*Dataset extract*
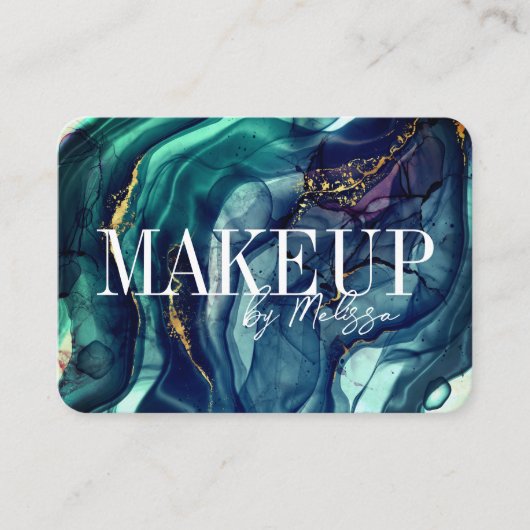 Modern Blue and Green Waterverf Visitekaartje (Voorkant)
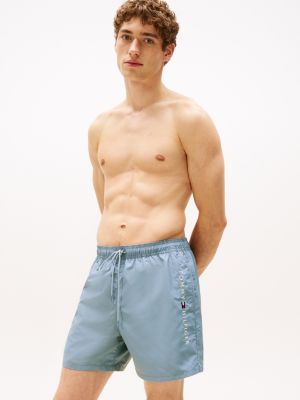 blue original mittellange badeshorts mit tunnelzug für herren - tommy hilfiger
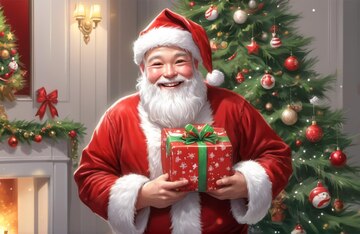 Le Père Noël Te Donnant Un Cadeau Photo stock - Image du sourire, rouge:  26949842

*Aim of the exercise*
Retype the whole listing above exactly as written. Skip the pictures.

*Result for this task*
 Modern Blue and Green Waterverf Visitekaartje (Voorkant)
 blue original mittellange badeshorts mit tunnelzug für herren - tommy hilfiger
 Le Père Noël Te Donnant Un Cadeau Photo stock - Image du sourire, rouge:  26949842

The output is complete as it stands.